Early in her childhood she emerged as a violin prodigy. At the age of four, she became the youngest ever student at the Saint Petersburg Conservatory, where she studied under the prominent violinist Leopold Auer. In 1921 the family moved to the USA, where Rockmore enrolled at the Curtis Institute of Music. As a teenager, tendinitis affected her bow arm, attributed to childhood malnutrition, and resulted in her giving up the violin. However, after meeting fellow immigrant Léon Theremin and being introduced to his electronic instrument, the theremin, she became its most prominent player. She performed widely and helped Theremin to refine his instrument.

 

 

 

 


 





Rockmore made orchestral appearances in New York and Philadelphia and went on coast-to-coast tours with Paul Robeson, but it was not until 1977 that she released a commercial recording called The Art of the Theremin. The album, which was produced by Bob Moog and Shirleigh Moog, featured Rockmore's theremin playing with piano accompaniment by her sister Nadia. Rockmore's approach to theremin playing emphasized physical and emotional control.

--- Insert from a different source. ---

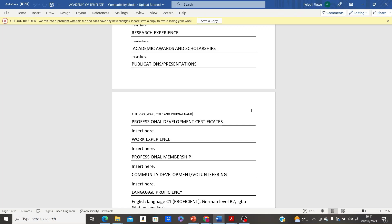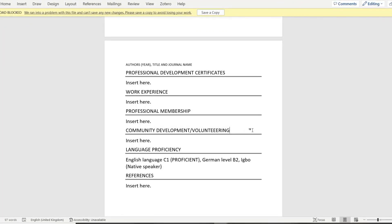After work experience is your professional membership. If you belong to any professional affiliation or organization — such as the Nigeria Medical Association, the Veterinary Council of Nigeria, or the American Association for Microbiology — this is the section where you list them. Start with your position in the organization, the name of the organization, and the validity period, for example from 2018 to present if you are still a member.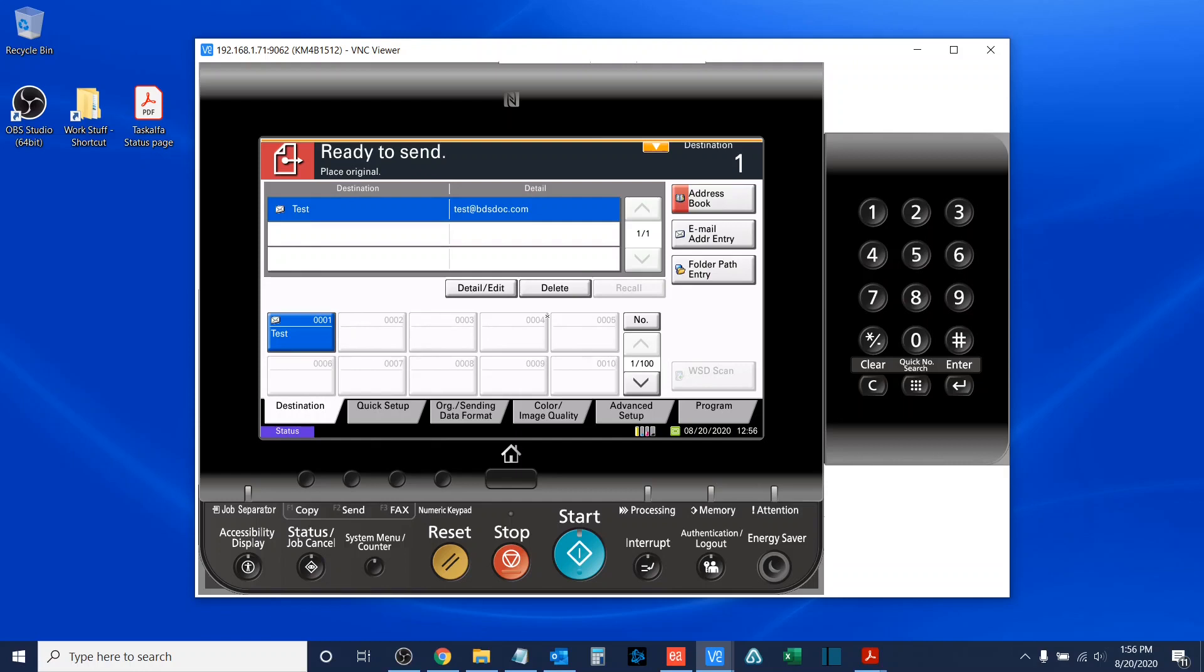In today's video, we learned how to input email addresses from the touchscreen interface of the copier. In another video in this series, we'll be detailing how to input email address destinations from the web user interface of your copier. Once again, my name is Sam Hammond, lead product trainer here at Boston Document Systems. I want to thank you all for joining me and have a great day.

Rockmore's classical training gave her an advantage over the many other theremin performers of the time. The intonation control she acquired as a violinist and her innate absolute pitch were both helpful in playing the instrument. She had extremely precise, rapid control of her movements, important in playing an instrument that depends on the performer's motion and proximity rather than touch. She developed a unique technique for playing the instrument, including a fingering system that allowed her to perform accurately fast passages and large note leaps without the more familiar portamento, or glide, on theremin. She also discovered that she could achieve a steadier tone and control the vibrato by keeping the tips of her right-hand thumb and forefinger in contact.



By the time Rockmore was playing large scale public concerts, such as New York City's Town Hall in 1938, she was becoming increasingly known for impressing critics with her artistry of the theremin during a time in which much of the general public had come to rather negative conclusions of what was possible on the instrument.



She died in New York City on May 10, 1998, aged 87.